Theatre in Kingston, Jamaica

Kingston Theatre, was a theatre in Kingston, Jamaica, between 1775 and 1838. It was a major cultural centre of the island during its duration and had a good reputation also outside of the island, giving Jamaica a name of cultural sophistication, and it remained the main theatre of Jamaica during its history.

== History ==
The professional theatre had been performed in Jamaica for the first time in 1733, but the first permanent theatre company was not installed until the British Theatre Company of John Moody, which came to Kingston in 1746 and given its first permanent theatre building in "New Theatre" or King's Store on Harbour Street seven years later. This company, which was from 1749 managed by David Douglass, united with the Old American Company in 1758 and left for North America, and when it returned to Jamaica in 1774, the old building, having been in disuse for many years, was no longer regarded sufficient. The Old American Company successfully asked the colonial government for a new theatre building, and the Kingston Theatre was inaugurated in the Parade area in 1775.

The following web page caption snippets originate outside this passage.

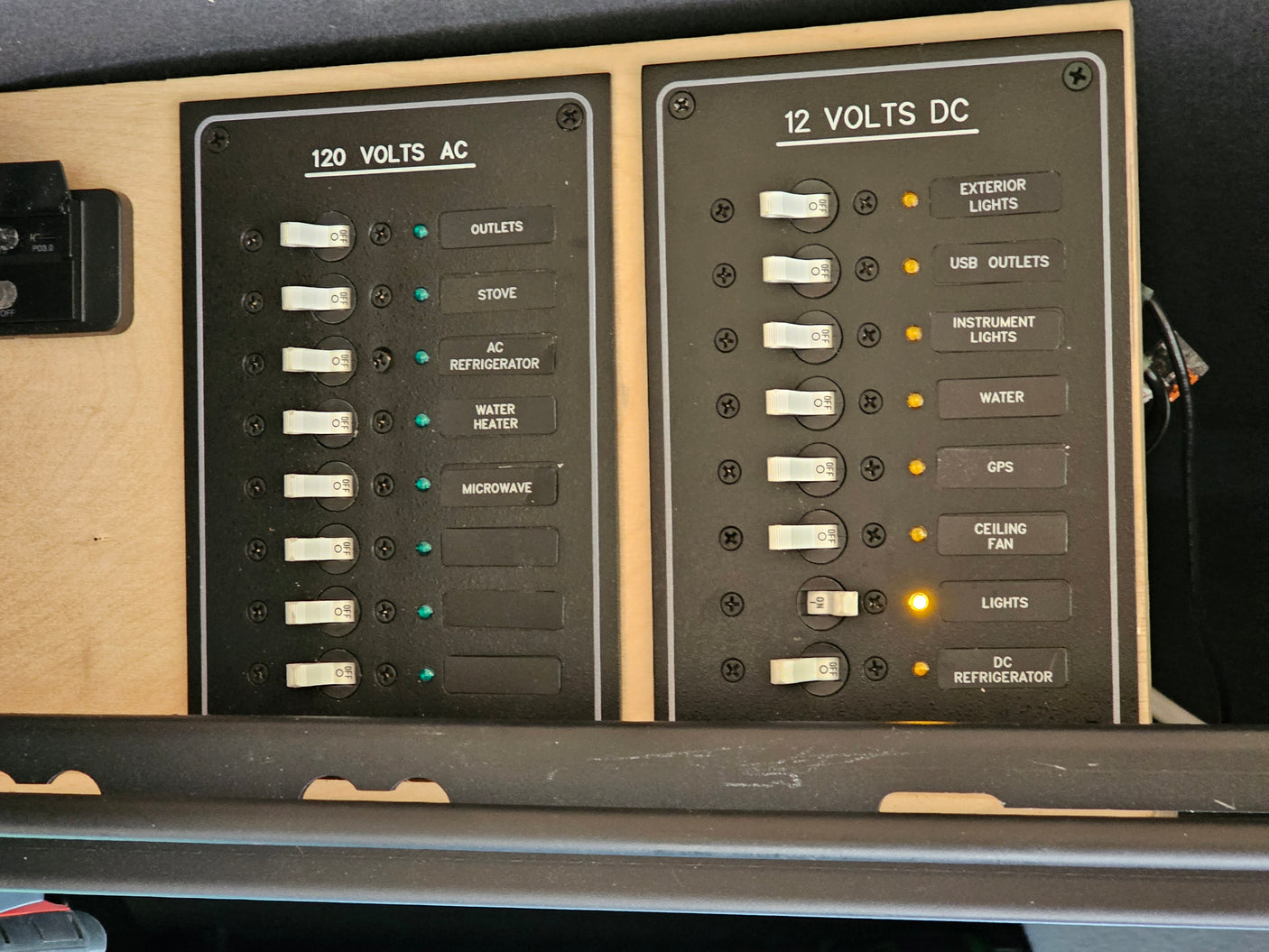 RV rental electrical panel with clearly labeled 120V AC & 12V DC switches for controlling onboard appliances & lights.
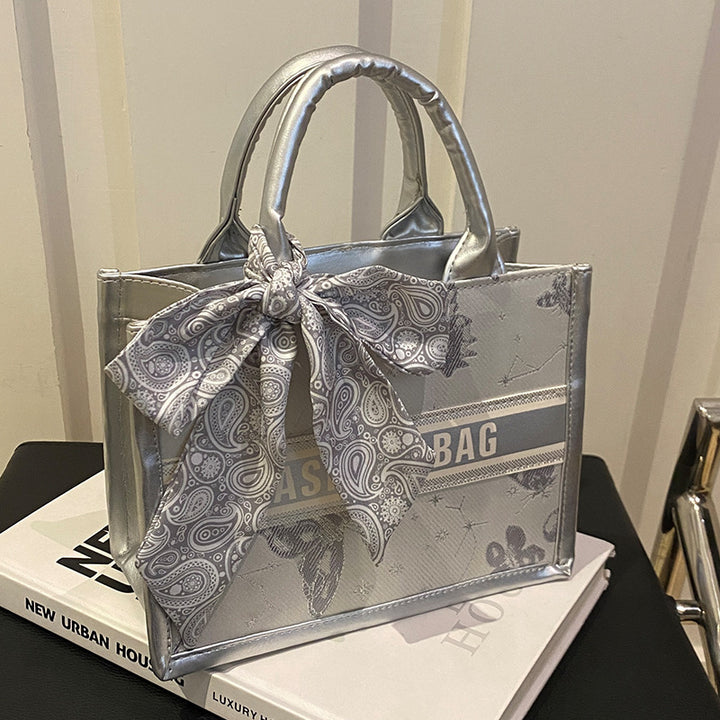 Damen Handtasche im eleganten Design mit dekorativem Schal Nord Taschen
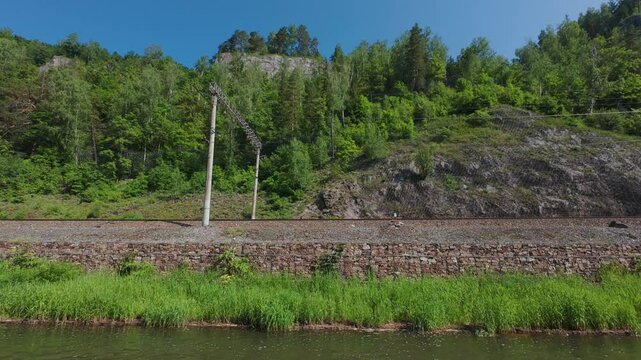 Serene scenery featuring railway tracks running beside a vibrant riverbank and sharp rocky hills, showcasing the beauty of nature and engineering
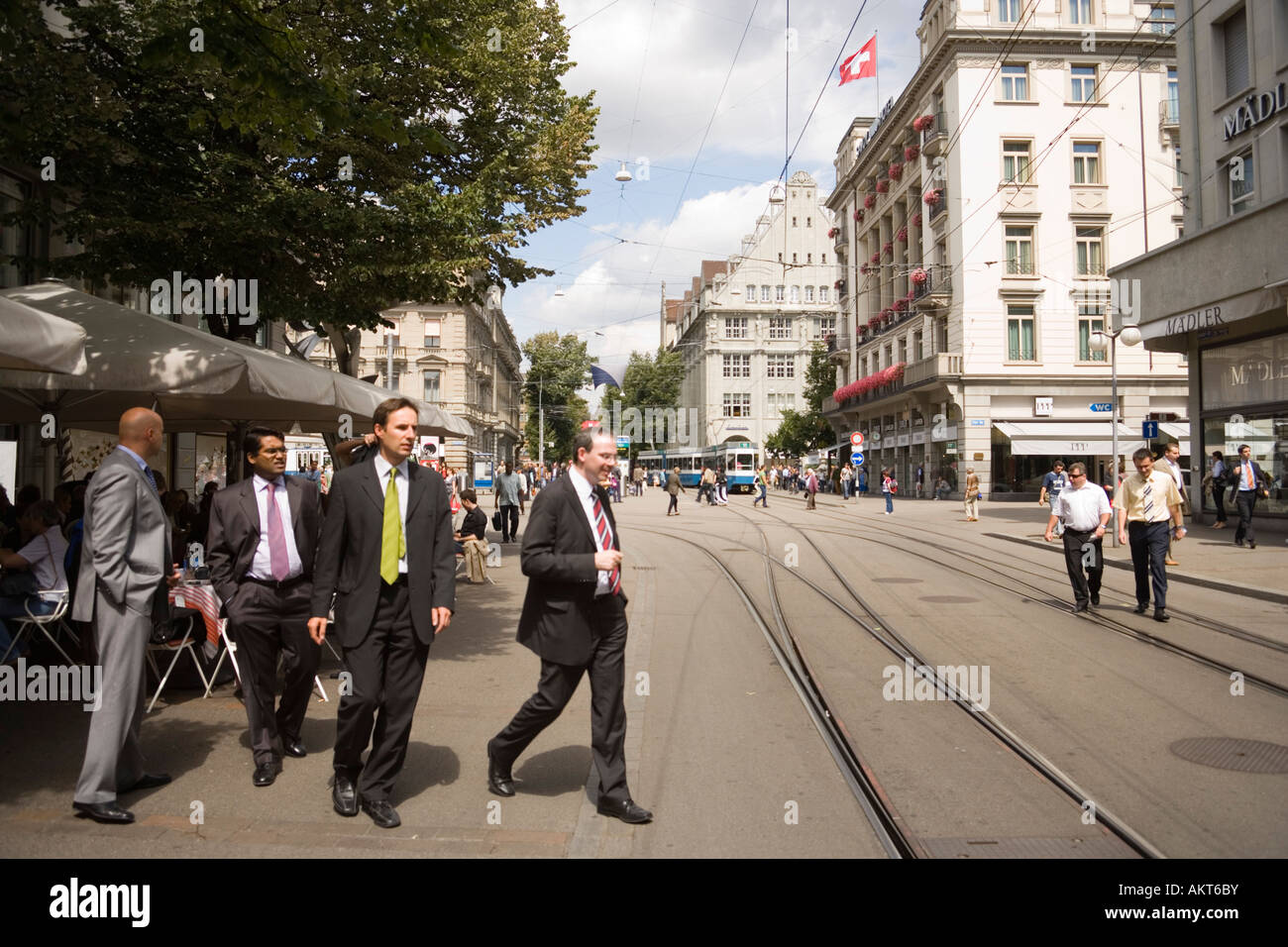 Group of businessmen passing Bahnhofstrasse most expensive real estate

Kingston Theatre was reportedly relatively small, but it played an important role as the island's main venue and as a part of the official representational life of the British Governor and the high society life of the Jamaican Planter aristocracy. It enjoyed success during the American Revolutionary War when performances were staged three to four times a week and the boxes of the theatre were leased by the members of the planter elite.

Old American Company left Jamaica for the United States in 1785, and the Kingston Theatre was used for concerts, circus performances, amateur theatre and other activities for the next years. In 1790–1803, it was managed by private owners. The building was expanded in 1814, and reportedly had 700 seats in 1821.

Kingston Theatre again operated as a theatre in 1812–1822, during which it enjoyed a period of great popularity. It became somewhat notorious for the frequent fights which occurred, some of them due to racial tension. The theatre operated again in 1827–29, and was employed for a number of different entertainments. In 1838, the building was deemed to be too decrepit and marked for demolition, but was destroyed by fire. It was succeeded by the Theatre Royal, Kingston, which was opened in 1840 and was destroyed in the 1907 Kingston earthquake.

== The Ward Theatre ==
In 1912 Charles James Ward built a new theatre on the site, presenting it to the "Mayor and Council of the City of Kingston" (later Kingston and St. Andrew Corporation), who named it the Ward Theatre in his honour.

The Ward Theatre hosted the weightlifting events at the 1966 British Empire and Commonwealth Games.

It was closed in 1982 for structural repairs, then in 1986 adopted by the Ward Theatre Foundation to operate and maintain, under a 25-year lease agreement.